## EXERCISE DETAILS
Within these entries, which lines include the string "view"? Copy each one.

## SUPPLIED RECORDS
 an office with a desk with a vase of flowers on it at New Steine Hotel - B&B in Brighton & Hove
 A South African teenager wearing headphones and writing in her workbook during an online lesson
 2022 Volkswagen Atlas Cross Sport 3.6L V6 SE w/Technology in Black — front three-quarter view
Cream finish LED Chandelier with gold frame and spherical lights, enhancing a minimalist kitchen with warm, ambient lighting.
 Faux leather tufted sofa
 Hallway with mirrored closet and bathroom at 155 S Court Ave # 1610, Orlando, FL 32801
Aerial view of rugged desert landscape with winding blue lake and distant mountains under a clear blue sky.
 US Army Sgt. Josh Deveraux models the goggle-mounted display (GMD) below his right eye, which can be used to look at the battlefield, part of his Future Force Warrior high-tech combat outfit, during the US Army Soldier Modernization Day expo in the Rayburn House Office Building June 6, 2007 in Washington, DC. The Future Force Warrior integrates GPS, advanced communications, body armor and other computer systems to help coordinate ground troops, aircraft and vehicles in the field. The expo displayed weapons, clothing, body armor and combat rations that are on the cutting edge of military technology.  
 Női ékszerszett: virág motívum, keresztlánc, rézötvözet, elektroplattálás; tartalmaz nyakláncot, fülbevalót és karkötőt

--

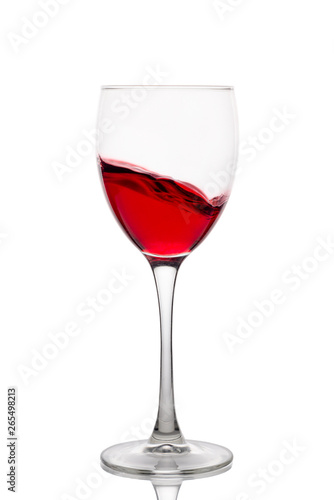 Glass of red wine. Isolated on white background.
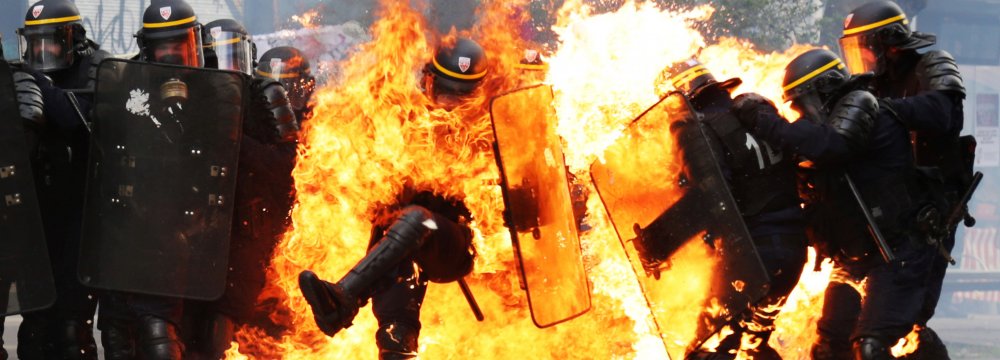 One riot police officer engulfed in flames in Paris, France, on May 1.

## EXERCISE SOLUTION
 2022 Volkswagen Atlas Cross Sport 3.6L V6 SE w/Technology in Black — front three-quarter view
Aerial view of rugged desert landscape with winding blue lake and distant mountains under a clear blue sky.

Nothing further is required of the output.